On that theme, I come to a third book: A Shepherd’s Life by James Rebanks. This book, too, was inspired by another. In this case it was A Shepherd’s Life by W.H. Hudson (1910).
Rebanks was born and raised on a sheep farm in the English Lake District and his school career was a disaster. He was written off as a failure and was happy to be thought so, but he changed his mind about reading and learning when he came across and read Hudson’s book. Thrilled to find “people like us” therein, he acquired the habit of reading voraciously, and attended night school. On the urging of a teacher, he applied to Oxford University and was accepted. At no point, though, does he ever think about permanently leaving the fells and the sheep and the old way of life. When he finishes at Oxford, he returns to his home and former life.
The book recounts a year in the life of a shepherd — the joys and frustrations, the beauty and the misery and the unsentimental pride in having deep roots in a place and pride in one’s work.

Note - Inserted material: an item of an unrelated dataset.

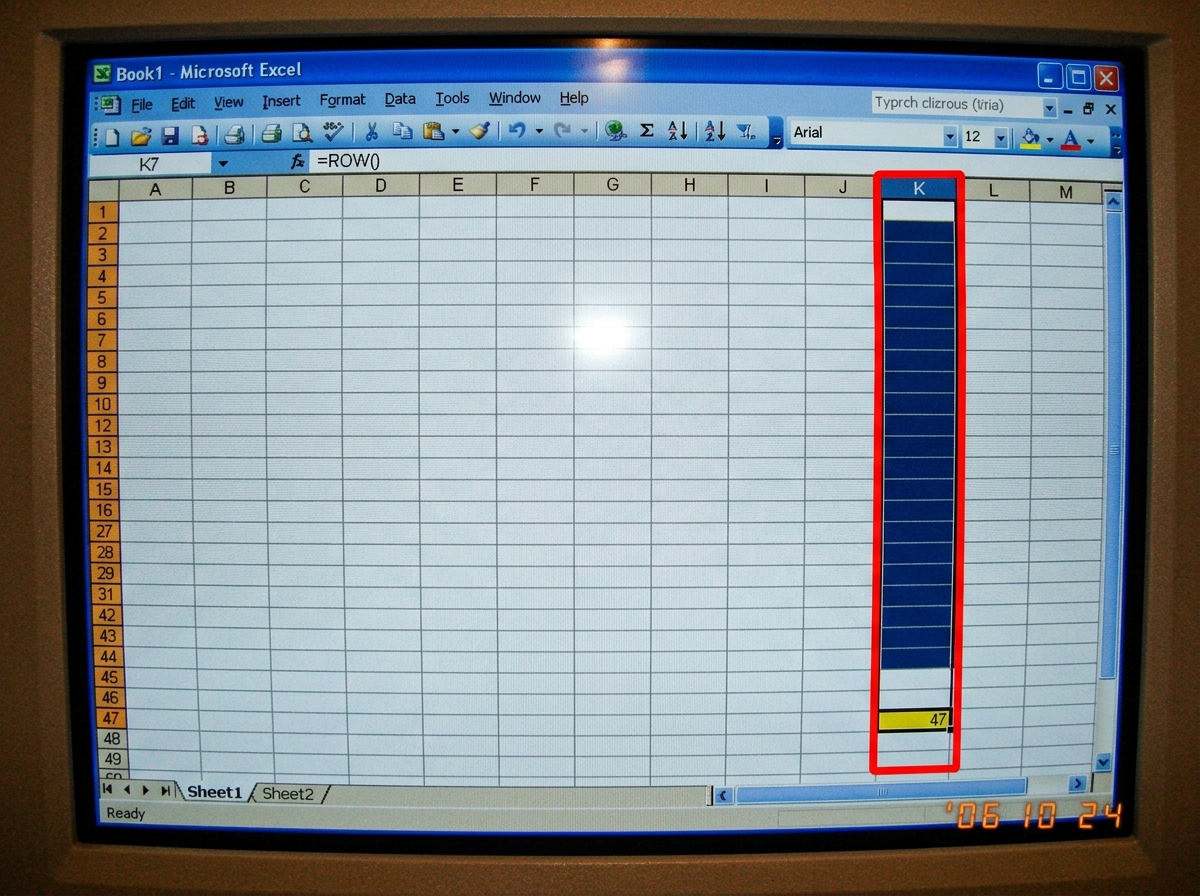 A screenshot of an Excel spreadsheet with column K selected, the formula bar reading '=ROW()' with the result '47' highlighted in yellow. The cell is empty below, with a red border around the entire K column. The sheet tab at the bottom says 'Sheet1' but there's a faint outline of a tab that looks l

The prose is … well, a little prosey at times, but is equally poetic and moving at others. It reads easily and eloquently and there’s a kind of matter-of-factness about it that’s quite refreshing if, at times, perhaps a little disingenuous. His recounting of his disastrous school career and his later triumphant acceptance by Oxford feels a little glossed over and not feel quite like full disclosure. And his insistence with his children that things be done the proper way, feels like there might be a tyrant in the making. It is, as his four-year-old daughter says, “all about the sheep”. Still, it’s a remarkable book and a timely one. While there is evidence that many of the old ways of life and living are making a comeback among younger generations, many communities are under siege by the modern world as old values and traditions are threatened.